Flageollet and his engineers accomplish this mechanical miracle by executing the lightest tourbillon assembly in history with only .18 grams of mass. To be clear, this mobile assembly of silicon, titanium, white gold, and 63 individual components has a mass of one-hundred-and-eighty thousandths of one gram. Even better, the payoff extends beyond prodigious power reserve and permits De Bethune to claim daily accuracy of less than one second gained per 24-hour day.

But this limited edition of 10 pieces is more than just a precision instrument; it’s a beauty. Each example includes a fire-blued grade five titanium hour ring and matching blued hands at center. The silvered dial is an example of authentic rose-lathe (i.e., reductive) guilloche in a dynamic “grain d’orge” or “barley corn” pattern. The case back of the XP Tourbillon is embellished with a miniature of the solar system’s planetary alignment on the night of November 19, 2011, the evening of De Bethune’s landmark “Aiguille d’Or” overall win at that year’s GPHG.

Each example of any DB28XP variant – as with all De Bethune models – can be customized completely. DB fabricates its own cases, dials, and movements while maintaining a staff proficient in craft arts such as engraving and gem-setting.
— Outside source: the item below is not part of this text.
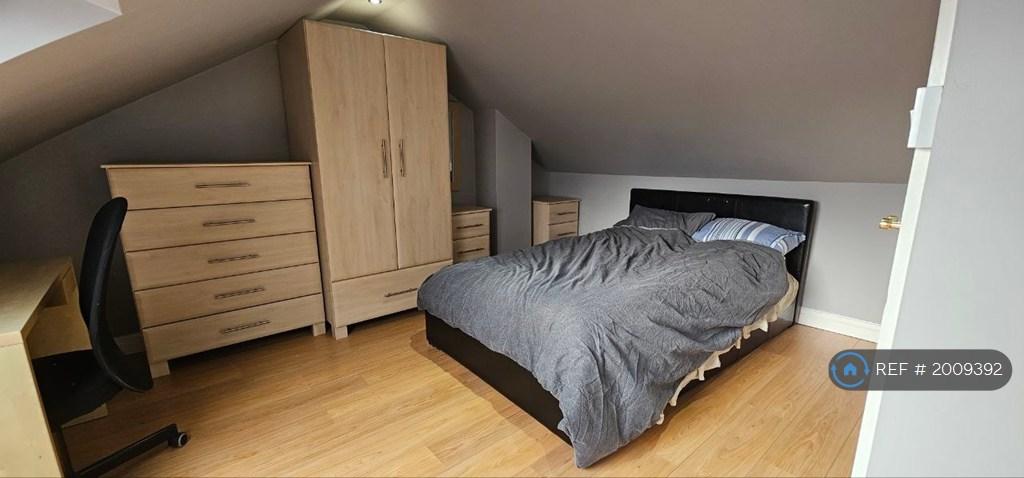Attic Bedroom - Double - (2nd Floor)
Nothing is beyond the realm of imagination if the budget suffices.

In a model year dominated by the economic tumult, social distancing, the demise of Baselworld and the internet-breaking hype of watches called “Kermit” and “Snoopy,” it’s easy to lose sight of a low-key indie watch brand. But savvy watch collectors know that real value stems from exclusivity, innovation, and beauty. De Bethune’s DB28XP collection hits the mark in a mangled market and a wild world.